Нация прозака — страница 25 из 70

Но когда Руби погнала меня за пределы Гарвард-Ярда, в сторону Научного центра, я осознала, что зашла слишком далеко. Внезапно все стало понятным. Я знала, что это и есть безумие: «Безумие – знать, что творишь тупости, но не находить в себе силы остановиться».

Меня пугало то, что я чувствовала, пытаясь сбежать, зная, что если остановлюсь – могу столкнуться лицом к лицу с причиной того, почему я всегда была в бегах, и признать, что на самом деле такой причины нет. Беги, беги, беги. Бежала ли я к чему-то или от чего-то? Бессмысленность моего личного шоу расстраивает меня слишком сильно, чтобы о ней думать. И подобно тому, как проваливались все мои прежние махинации по изгнанию демонов из головы, так и у этой новой схемы не было шансов. Сэм был для меня не просто каким-то там парнем. Он был очередной версией спасителя. Его отец был президентом большой киностудии, и когда Сэм подошел ко мне в кафе и сказал, что увезет в Лос-Анджелес, заберет из этой жизни, изо всех проблем, когда он сказал, что мы с ним могли бы писать сценарии, когда он сказал: «Слушай, детка, я сделаю тебя звездой», – я знала, что это просто слова, но все равно купилась. Он сказал, что мы можем провести зимние каникулы в их доме на Багамах. Сказал, что мы можем отправиться в Канны на фестиваль. Слова, слова, слова. Я ему верила. Я вообразила себе мир, полный солнечного света, мир полной безопасности. Я мечтала отправиться в Неверленд, туда, где не существует ни ужасного настроения, ни мерзких мыслей, ни черной волны. И те пару дней, что я планировала, как добраться – с помощью Сэма – до места, где не может случиться ничего плохого, я уже стала чувствовать себя лучше. Я могла выдержать целую минуту наедине с Гегелем.

Одна мысль о том, что мне придется попрощаться с мечтой о побеге из-за того, что Руби убедит Сэма вернуться к ней, была невыносима. Пронизывающий до костей мороз, который приходил вслед за мыслью о том, что очередная попытка выбраться из этой жизни живой и невредимой приведет к разочарованию, был невыносим. Время стало таким вязким, что его можно было потрогать. Каждая минута, каждая секунда, каждая наносекунда обвивали мой позвоночник так, что мышцы до боли наливались тяжестью. Я почти исчезла. Из-за этого самопроизвольного наркоза мой разум растворился в болезненной пустоте. И только когда Руби разглядела выражение моего лица, она поняла, что на самом деле я рискую разрушить саму себя, а не ее счастье с кем бы то ни было, и она перестала кричать.
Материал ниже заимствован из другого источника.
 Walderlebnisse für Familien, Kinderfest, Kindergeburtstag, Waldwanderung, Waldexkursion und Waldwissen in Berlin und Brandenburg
И спросила: «Что с тобой не так? Скажи уже что-нибудь! Скажи, как ты вообще могла так со мной поступить?»

А я только и могла сказать – не кому-то, просто сказать: «Пожалуйста, не оставляй меня одну, не оставляй меня умирать здесь, не оставляй, не уходи».

– Что с тобой, Элизабет? Почему ты не разговариваешь со мной? Скажи что-нибудь? Скажи что-нибудь в свое оправдание?

Я хотела сказать: «Я не могу, я отступаю, я потеряна». Я хотела сказать так много, но не могла.

– Ты чокнутая, – сказала Руби. – Тебе нужен психолог.

А я хотела ответить: «Знаешь, ты ведь права».

Вместо этого я ушла от Руби, шатаясь от головокружения. Гарвард-Ярд превращался в призрак. Я пробивалась сквозь него, а сама словно очутилась в своем пластиковом пузыре, отделявшем мой смутный мир от мира снаружи. Было темно и серо, под моими лоферами хрустели мертвые листья, напоминая о давнишнем ощущении, когда с хрустом раскалывалась моя голова. Я прошла мимо знакомых, они поздоровались. Я почти их не видела и не слышала. Их голоса как будто доносились со стороны, то же ощущение, что бывает, если смотришь фильм, а изображение со звуком в рассинхроне. А может, эта сцена напоминала домашнее видео, где все проносилось мимо меня обрезанными зернистыми кадрами, а в ушах щелк-щелк-щелк – гудел проектор. Я продолжала шагать, как запрограммированная машина.


Я иду к зданию университетской больницы. Сквозь стеклянные двери. Все еще дышу. Захожу в лифт на первом этаже через одну дверь. Выхожу на третьем через другую. Иду по стрелочкам с подписью КЛИНИЧЕСКАЯ ПСИХОЛОГИЯ. В западное крыло. Прошу поговорить с психиатром. В приемной отвечают, что сейчас принимает только психолог. Всего пара минут, и мы уже идем в кабинет доктора Кинга. Я говорю ему, что мне нужна помощь. Отчаянно нужна. Говорю, что мне страшно. Говорю, что пол рассыпается под ногами, а потолок вот-вот упадет мне на голову. Говорю ему, что я небоскреб в стиле ар-деко, прямо как Крайслер-билдинг[161], вот только фундамент начинает крошиться, осколки стекла разлетаются по тротуарам, по моим ногам. Я иду босиком по стеклу темной ночью. Я складываюсь, как карточный домик. Я осколок стекла, я человек, раненный этим осколком. Я убиваю себя. Я помню, как папа исчез. Я помню, как мы с Заккари расстались в девятом классе. Я помню, как плакала, когда мама оставляла меня в яслях. Я рыдаю изо всех сил. Я ловлю воздух ртом. Я говорю что попало, я знаю.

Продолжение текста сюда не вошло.